Under each entry, there is a comment box that you can click to leave notes and / or encouragement for Selah.
I will update often with stories, pictures, artwork and movies, so please mark this website in your "favorites" file, and visit again soon.

Much love and aloha to you all,

Hope (a.k.a. Mama)

Friday, August 1, 2008

Bittersweet Television



We beg you to pardon the lack of posts on Selah's blog; we've been somewhat limited to our internet access, and digital camera while in our current moving transition....


The last three months we have been living in lower Puna, doing some worktrade on a large property. Living closer to work and school is going to mean massive savings for the family on gas prices, and a positive steps for the family in business.


We haven't had television (purposely) for approximately five years, though we did watch our share of movies. When we moved into the cabin, we found that we had cable television, and I admit, we totally enjoyed it. We caught up on the Discovery Channel and cartoons galore, were freaked out by how tv seems now to be all-reality, all-the-time, and watched a lot of cooking shows, drooling and wishful.


Since most of Selah's life has been television-free, her response to it was both surprising and scary. She was intent on listening to every word of every commercial, took everything very literal, and was profoundly affected. After a few days of tv access, she was pointing out brands in the local grocery store with passionate determination. "This is the QUICKER PICKER UPPER, this is the one that is QUILTED and it's a ONE-SHEETER!!!" The look on her face of utter seriousness was a fast, jolt of reality for us. This kid has fallen prey to propaganda, and it happened so easily, and so fast. Growing up with television, myself, I've been so desensitized by all of the quick flash edits, and numb to the advertising.
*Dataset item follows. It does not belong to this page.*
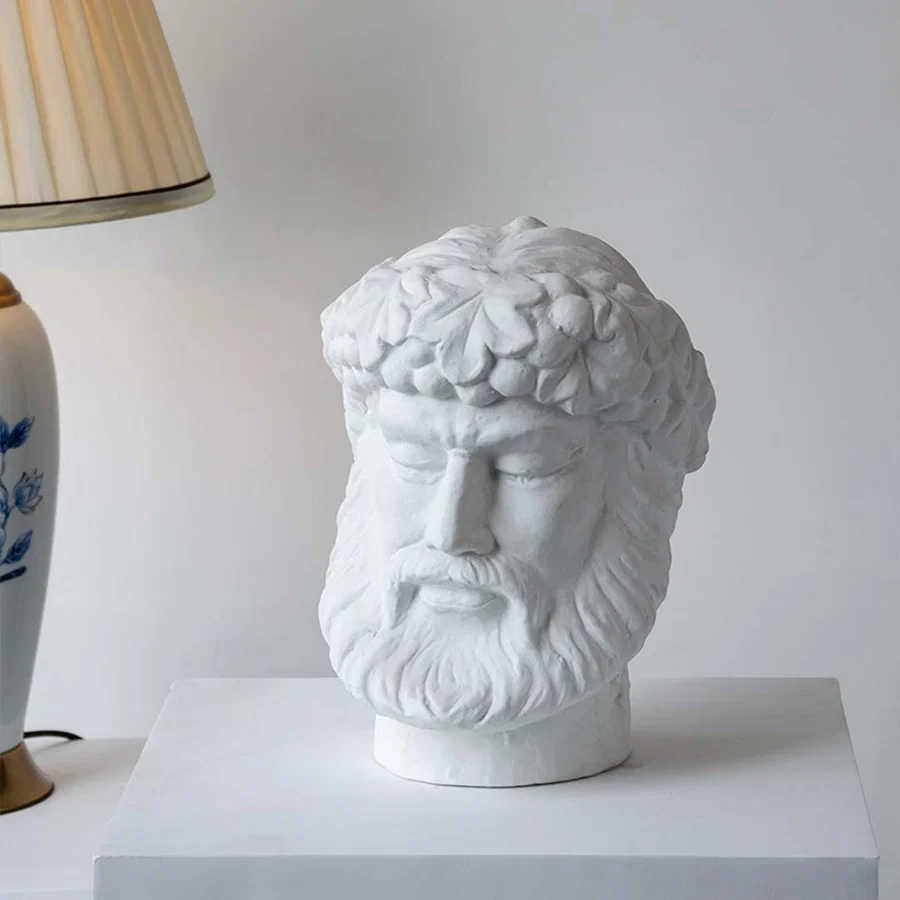 White ceramic decorative face sculpture with classical portrait design for elegant tabletop styling and modern home decor.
But, Selah's naiive, beautifully innocent and unjaded soul makes quick work for any advertiser.


One early evening, Selah was checking out some cartoons, and a commercial interrupted her programming. I was in the other room, making a collage, and Selah stormed in, biting mad.


"I was just watching a show and a commercial came on, and it was about bendy glitter pens. They have allllllll these colors that you can buy: copper, gold, blue, green. There's glitter inside and they bend all around. And you can twist them together and mix the colors -- and then -- and then you know what they said?"


"What did they say next, honey?"


She sighed very angrily, hands on her hips. "They said at the end you have to be 18 to order. I don't like that! I can use those pens, and I'm only 7. I don't like that at all. "


While I found this interaction to be hilarious, she did not find any humor in it at all. She found this 18 year old rule to be unjust, and worth a fight. She actually suggested maybe I give "them" a call and tell them just how unfair she found this to be.
Television and life in general are very literal for Selah, right now. I'm happy to say we're without television access once again, as we've made the final transition to the permaculture homestead. I feel even better now about our decision so long ago to remove television programming from our lives. I am hopeful and curious to see how living without television for the rest of her childhood days will affect her, and us. When we don't have a television telling us what we need, creativity and imagination are limitless...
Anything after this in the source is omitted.